▸ **TASK PROMPT**
The goal is an unaltered copy of the records below, minus any images.

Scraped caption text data
[Start of section]

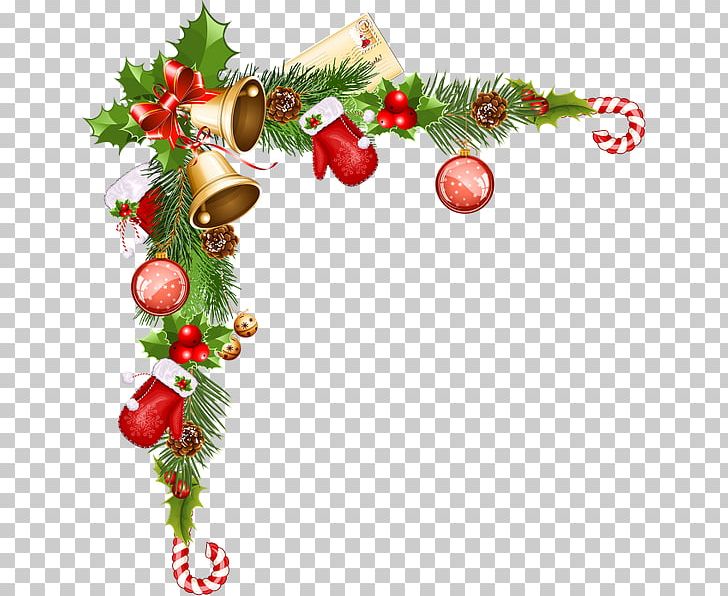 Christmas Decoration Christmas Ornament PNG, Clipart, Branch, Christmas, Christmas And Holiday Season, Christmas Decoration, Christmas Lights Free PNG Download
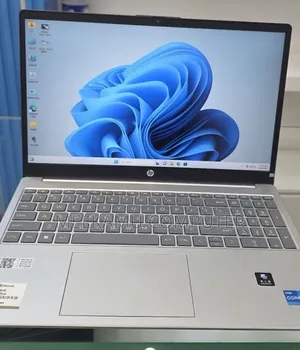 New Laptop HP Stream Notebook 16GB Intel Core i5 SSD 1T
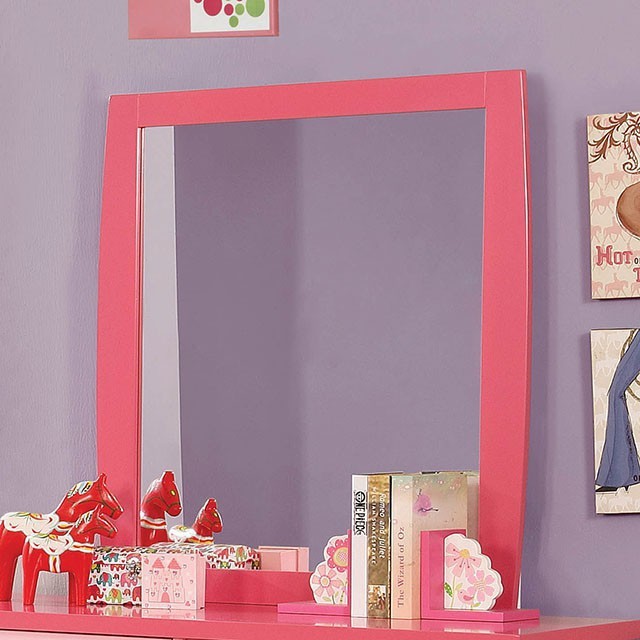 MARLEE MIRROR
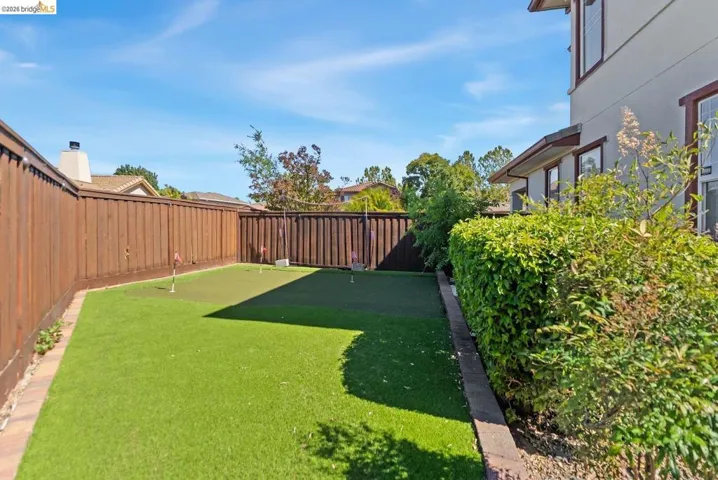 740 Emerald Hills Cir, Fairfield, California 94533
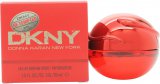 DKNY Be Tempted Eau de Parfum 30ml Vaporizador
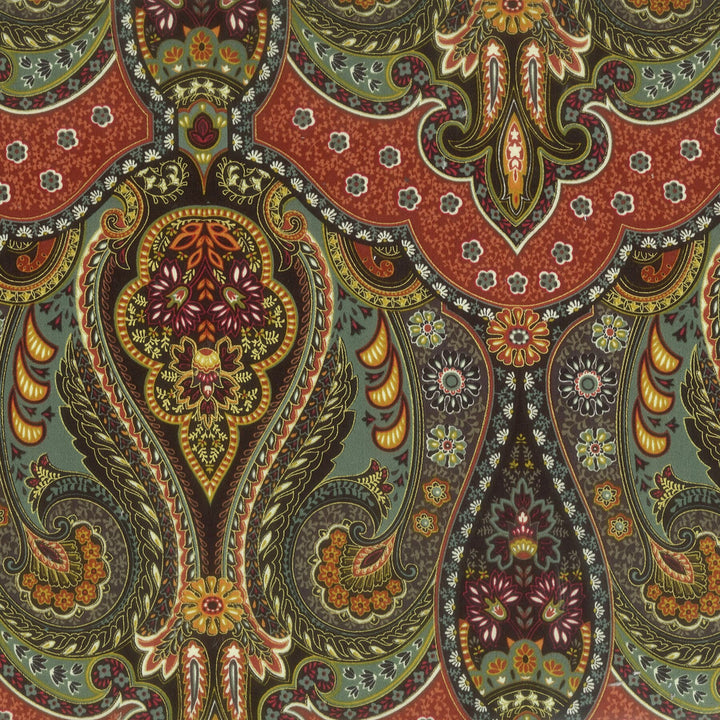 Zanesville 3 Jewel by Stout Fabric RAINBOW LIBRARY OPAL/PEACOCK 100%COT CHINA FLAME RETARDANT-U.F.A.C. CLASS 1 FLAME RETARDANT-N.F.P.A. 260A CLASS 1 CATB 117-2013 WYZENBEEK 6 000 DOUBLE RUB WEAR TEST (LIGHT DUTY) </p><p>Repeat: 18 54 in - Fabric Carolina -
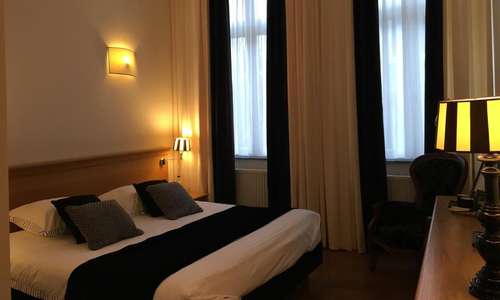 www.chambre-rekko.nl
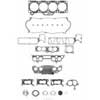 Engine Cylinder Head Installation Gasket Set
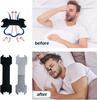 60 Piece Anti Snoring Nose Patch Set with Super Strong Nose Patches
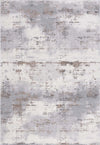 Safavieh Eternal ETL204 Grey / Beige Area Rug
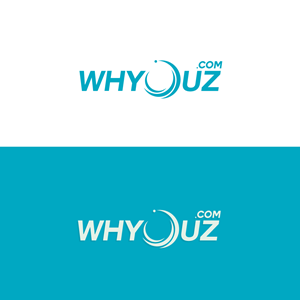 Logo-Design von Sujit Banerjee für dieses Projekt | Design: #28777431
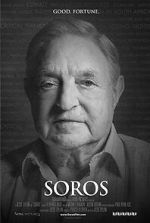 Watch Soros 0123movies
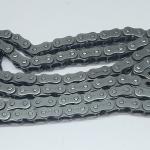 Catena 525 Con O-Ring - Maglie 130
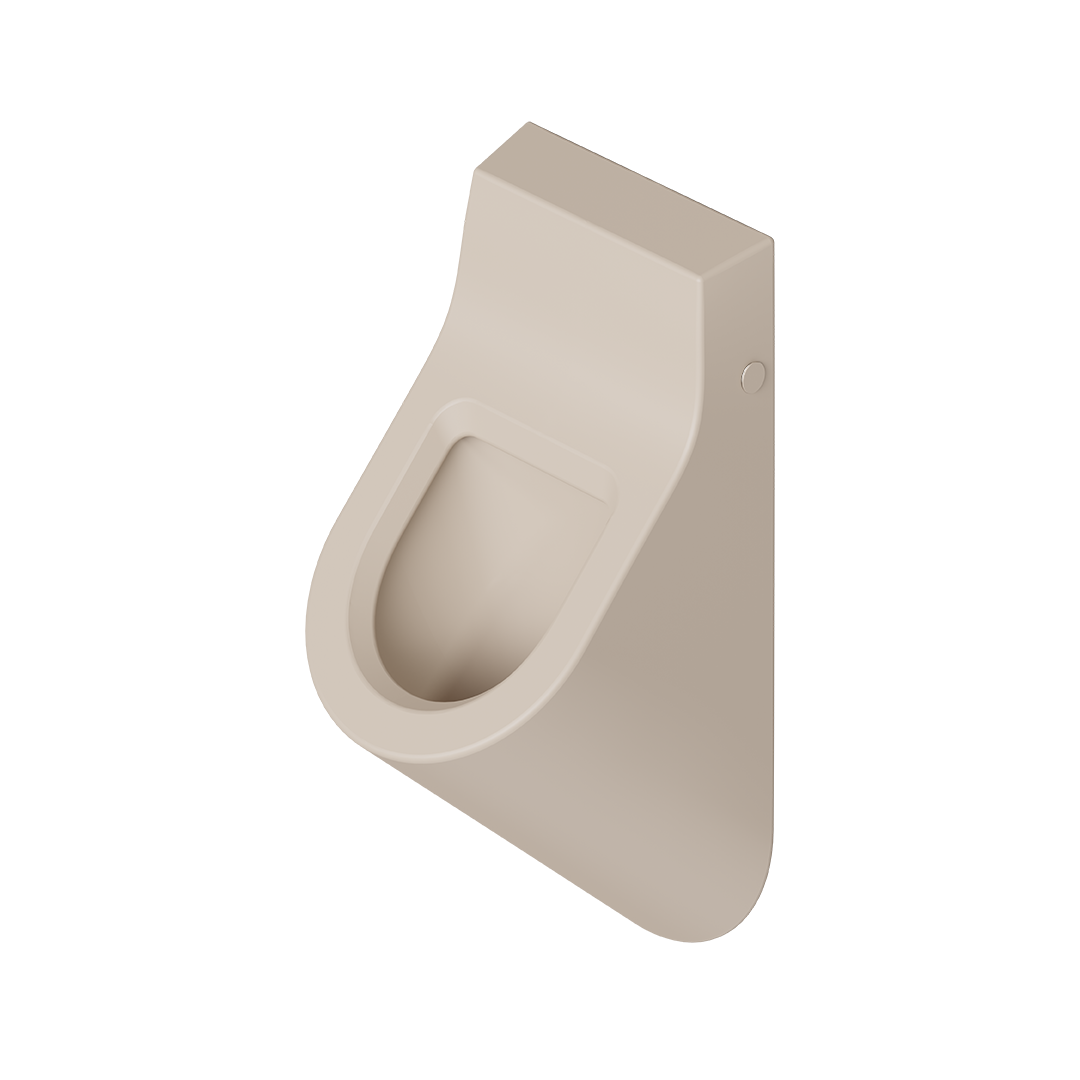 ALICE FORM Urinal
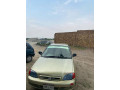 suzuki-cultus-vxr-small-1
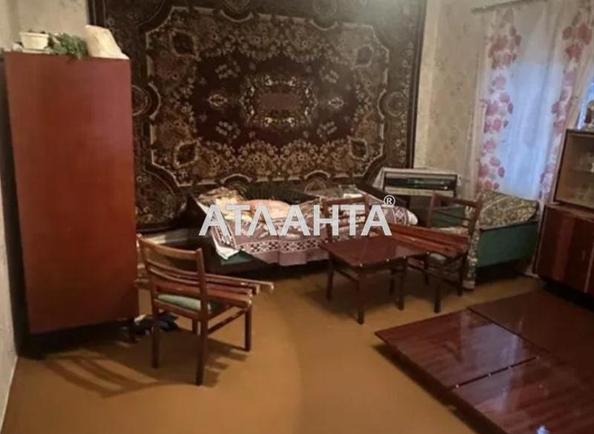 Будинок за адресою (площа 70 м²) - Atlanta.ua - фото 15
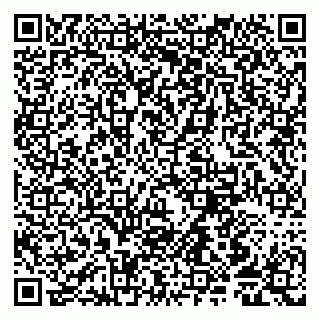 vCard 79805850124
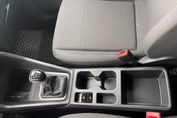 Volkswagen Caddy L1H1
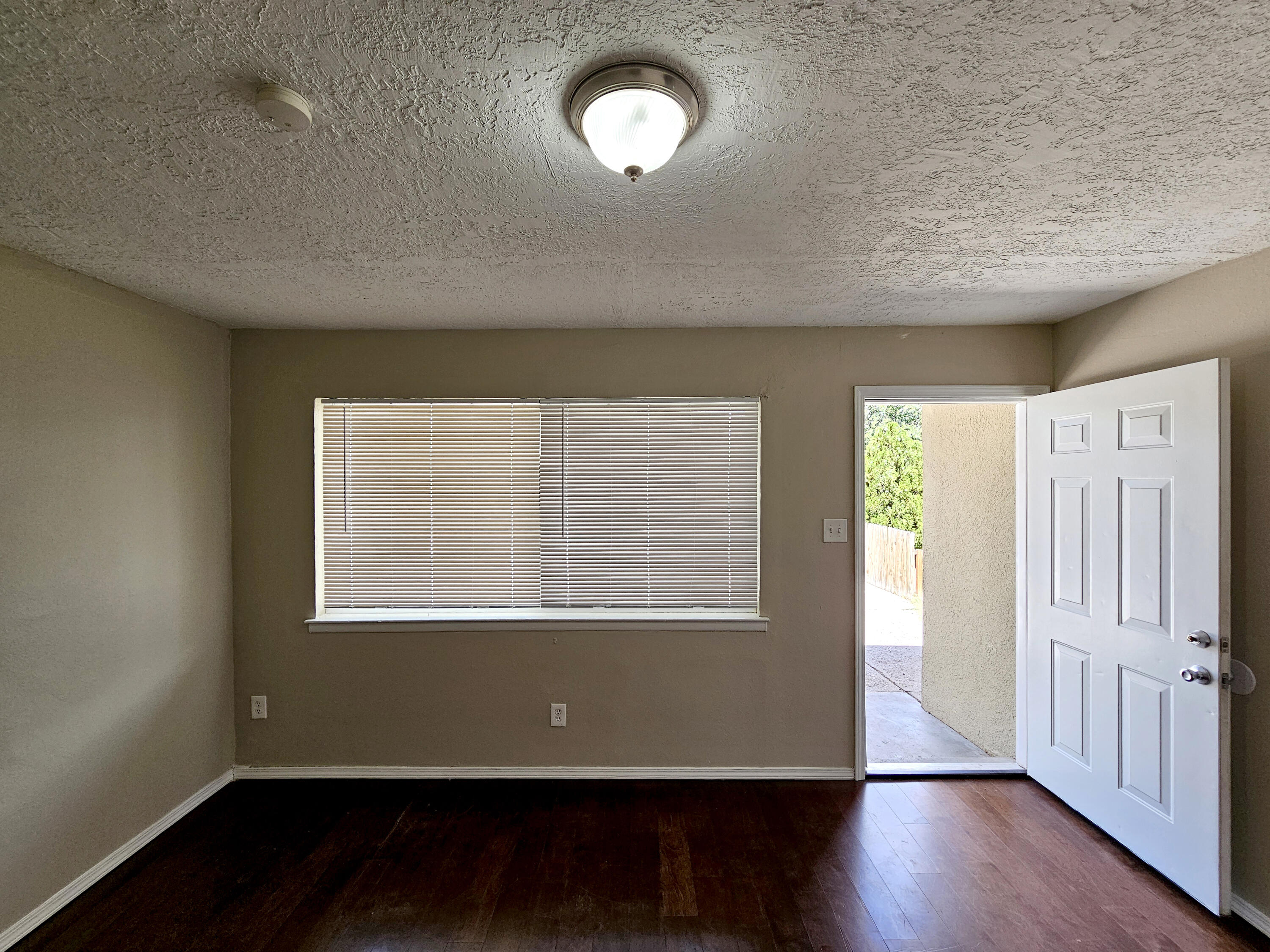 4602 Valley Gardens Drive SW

[End of section]

▸ **ANSWER FOR THE TASK**
 Christmas Decoration Christmas Ornament PNG, Clipart, Branch, Christmas, Christmas And Holiday Season, Christmas Decoration, Christmas Lights Free PNG Download
 New Laptop HP Stream Notebook 16GB Intel Core i5 SSD 1T
 MARLEE MIRROR
 740 Emerald Hills Cir, Fairfield, California 94533
 DKNY Be Tempted Eau de Parfum 30ml Vaporizador
 Zanesville 3 Jewel by Stout Fabric RAINBOW LIBRARY OPAL/PEACOCK 100%COT CHINA FLAME RETARDANT-U.F.A.C. CLASS 1 FLAME RETARDANT-N.F.P.A. 260A CLASS 1 CATB 117-2013 WYZENBEEK 6 000 DOUBLE RUB WEAR TEST (LIGHT DUTY) </p><p>Repeat: 18 54 in - Fabric Carolina -
 www.chambre-rekko.nl
 Engine Cylinder Head Installation Gasket Set
 60 Piece Anti Snoring Nose Patch Set with Super Strong Nose Patches
 Safavieh Eternal ETL204 Grey / Beige Area Rug
 Logo-Design von Sujit Banerjee für dieses Projekt | Design: #28777431
 Watch Soros 0123movies
 Catena 525 Con O-Ring - Maglie 130
 ALICE FORM Urinal
 suzuki-cultus-vxr-small-1
 Будинок за адресою (площа 70 м²) - Atlanta.ua - фото 15
 vCard 79805850124
 Volkswagen Caddy L1H1
 4602 Valley Gardens Drive SW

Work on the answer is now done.